CALMzone launch suicide prevention campaign - DanBC
https://www.thecalmzone.net/2015/11/big-news-calm-and-lynx-launch-bigger-issues-campaign/
======
DanBC
I'm submitting this partly because suicide is a significant cause of death for
the HN demographic, but also because it's an innovative use of Twitter.

> Deliberately provocative, the #BiggerIssues advertising campaign juxtaposes
> comparatively trivial topics that are getting a huge amount of public
> attention with the issue of male suicide. Vegan meatballs recently tweeted
> about by Professor Green, for example, get more attention than the issue of
> male suicide.

They find tweets about trivial stuff that got a lot of attention, and compare
those to tweets about suicide.

Here's a link to the hashtag:
[https://twitter.com/hashtag/BiggerIssues?src=hash](https://twitter.com/hashtag/BiggerIssues?src=hash)

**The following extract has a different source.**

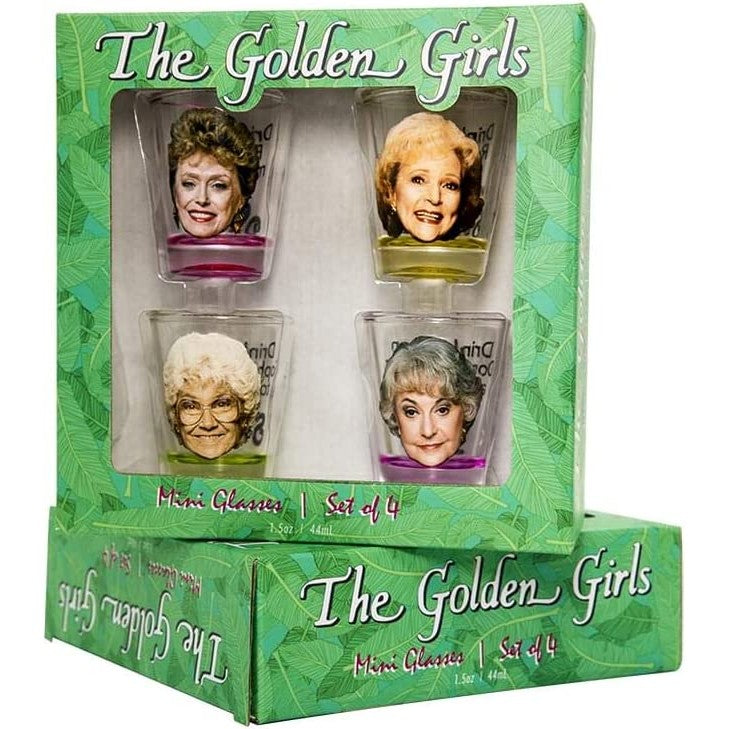 Two boxed sets of Golden Girls shot glasses. One set is laying flat and the other set is facing forward on top.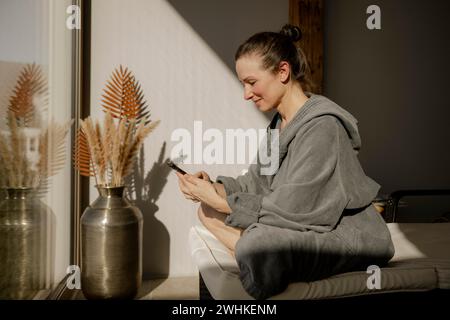 Donna in accappatoio seduta con telefono cellulare in una sala relax durante un pasto benessere Foto Stock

(Professor Green is a singer, and a patron of the charity "CALMzone" (campaign
against living miserably, a charity that aims to reduce male suicide). His
father died by suicide, and he made a programme for BBC.
[http://www.bbc.co.uk/iplayer/episode/b06mvx4j/professor-
gree...](http://www.bbc.co.uk/iplayer/episode/b06mvx4j/professor-green-
suicide-and-me#group=p02q33dg) )